* **What is being asked**:
Copy out, from the data below, each line in which the word "with" occurs.

* **Material provided**:
# # # # # # #
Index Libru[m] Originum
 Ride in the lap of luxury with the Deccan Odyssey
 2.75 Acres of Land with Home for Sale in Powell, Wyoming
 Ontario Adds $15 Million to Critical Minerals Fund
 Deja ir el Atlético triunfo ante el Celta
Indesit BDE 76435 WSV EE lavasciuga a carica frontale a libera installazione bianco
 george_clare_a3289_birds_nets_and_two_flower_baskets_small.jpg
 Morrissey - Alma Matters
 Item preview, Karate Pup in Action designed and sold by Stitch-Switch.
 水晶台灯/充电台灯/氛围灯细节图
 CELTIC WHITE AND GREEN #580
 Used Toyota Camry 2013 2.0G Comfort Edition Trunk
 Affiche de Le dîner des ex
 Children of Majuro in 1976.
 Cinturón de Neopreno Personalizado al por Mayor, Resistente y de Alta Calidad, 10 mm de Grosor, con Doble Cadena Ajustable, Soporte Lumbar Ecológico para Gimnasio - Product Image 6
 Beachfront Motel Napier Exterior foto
# # # # # # #
* **Answer space**:
 Ride in the lap of luxury with the Deccan Odyssey
 2.75 Acres of Land with Home for Sale in Powell, Wyoming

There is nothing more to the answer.